Heaven’s Coast: A Memoir
by Mark Doty
I read this book nearly 20 years ago. I was a freshman at a Catholic college and it was selected as the required reading for all incoming freshmen. Heaven’s Coast is a memoir of Mark Doty’s experience learning his partner has tested positive for HIV and the slow, heartbreaking time leading to his partner’s death.
As you can probably imagine, there was considerable uproar from the local Catholic community that this book was selected as required reading. I like to think that Catholic’s in U.S. are more humble and open in the two decades since that freshman year, especially given the amount of pain and suffering some leaders in our communities have caused. I like to think that Jesus’ charge to give freely and to judge-not have created a more accepting Catholic community in recent years. I like to think that our ever-loving Pope Francis has become an emblematic figure for the acceptance that the Catholic faith calls us too. I like to think those things, but I’m also no fool.
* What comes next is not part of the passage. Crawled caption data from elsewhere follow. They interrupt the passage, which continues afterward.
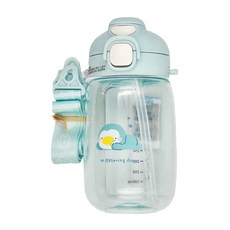 PUKU 藍色企鵝 圓圓直飲吸管揹帶兩用水壺 550ml Tritan材質, 藍色, 1個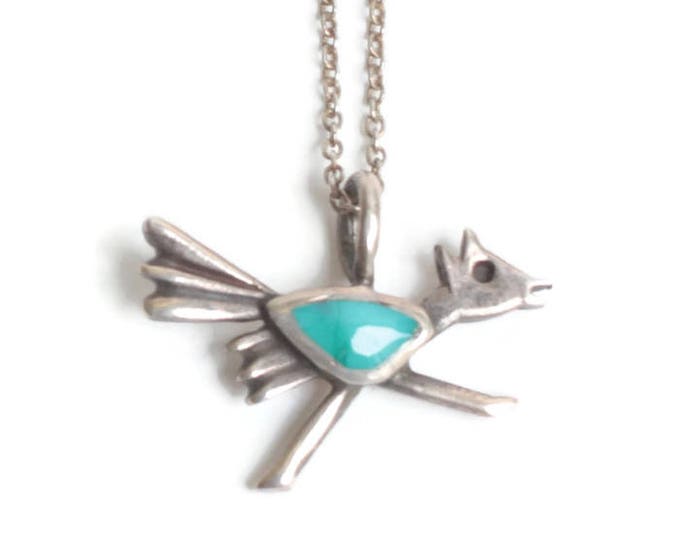 Sterling and Turquoise Roadrunner Pendant Necklace Southwestern Vintage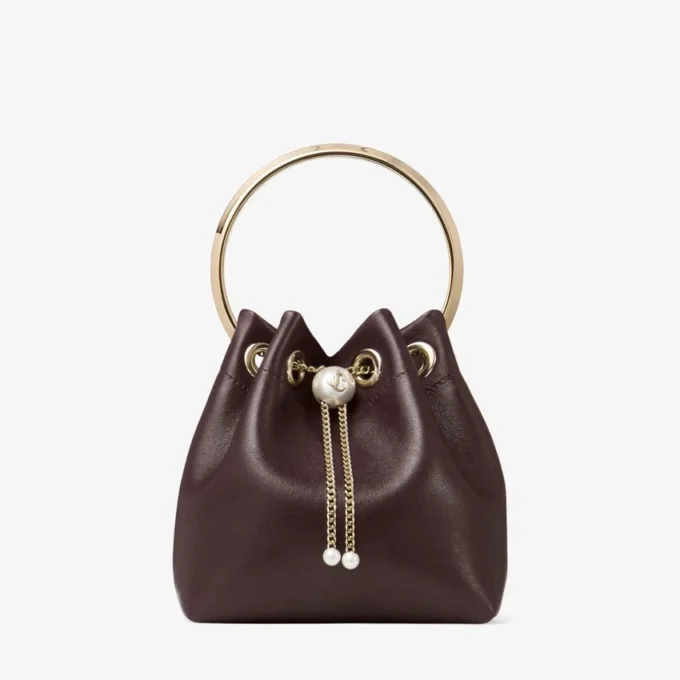 Bon Bon Deep Merlot Biker Leather Bag with Pearl Closure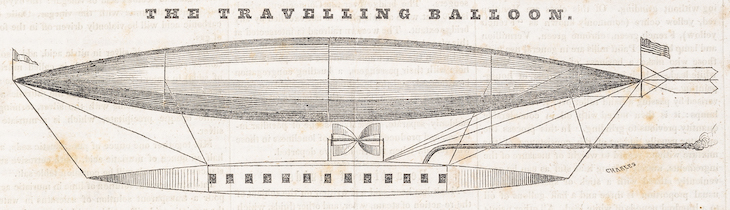 ‘The Traveling Balloon’, illustration in Scientific American (1845), Rufus Porter.
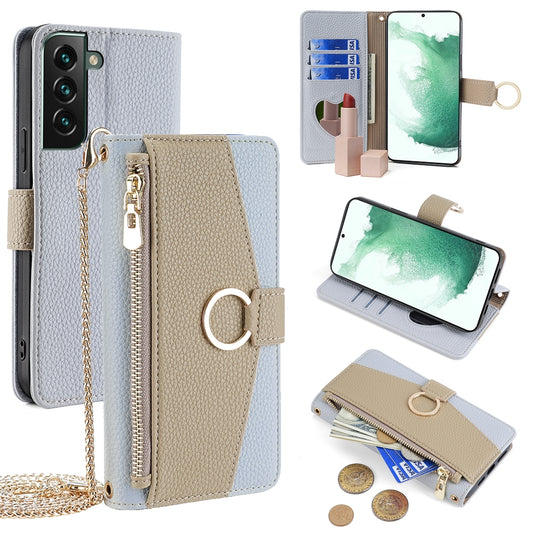 Samsung Galaxy S22+ 5G Crossbody Phone Case with Litchi Texture Leather, Adjustable Kickstand, Card Slots, Zipper Purse, Makeup Mirror, and TPU Protection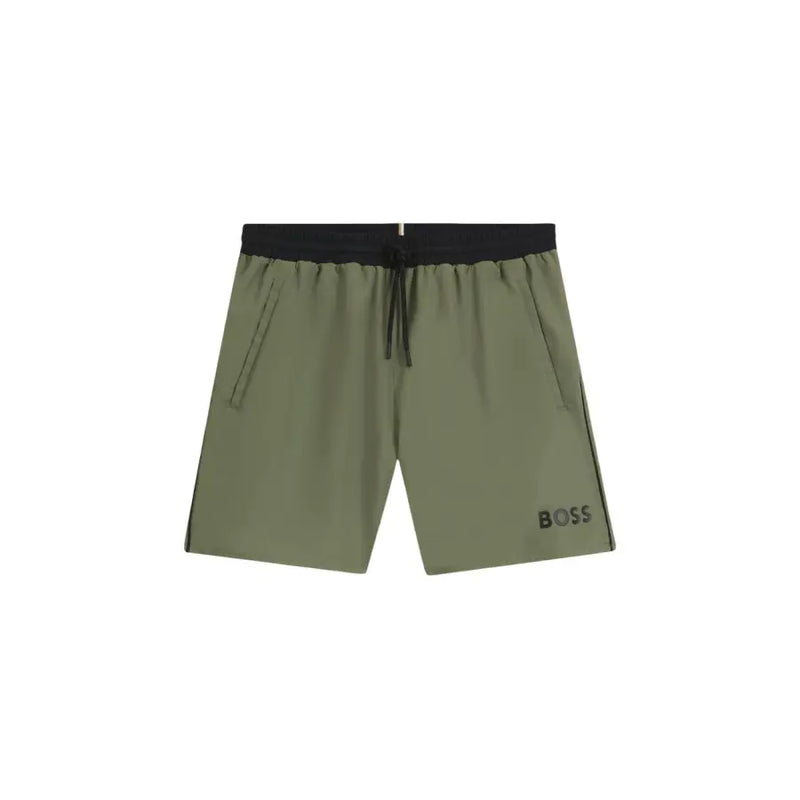 Short de bain homme vert olive en polyester avec ceinture élastique noire, poches à cordon et bandes latérales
I’m not sure if it was the raucous raised locally with the selection of this book as required reading or the beautifully poetic words that lie within Heaven’s Coast, but this book has stuck with me 20 years later. It’s high time I pick it up again.
“Being in grief, it turns out, is not unlike being in love. In both states, the imagination’s entirely occupied with one person. The beloved dwells at the heart of the world, and becomes a Rome: the roads of feeling all lead to him, all proceed from him. Everything that touches us seems to relate back to that center: there is no other emotional life, no place outside the universe of feeling centered on its pivotal figure.”
“Christmas Eve, I give him packages which I open for him, since the bows and paper represent more labor than he could manage: music videos by the Nashville singers he thinks particularly sexy, fleece-lined slippers decorated with images of bacon and eggs, and a book about breeds of dogs. He says he wishes he had something for me to open, but I don’t want anything except to have him here. There’s nothing more he could give me than his life, right now, his being with me.”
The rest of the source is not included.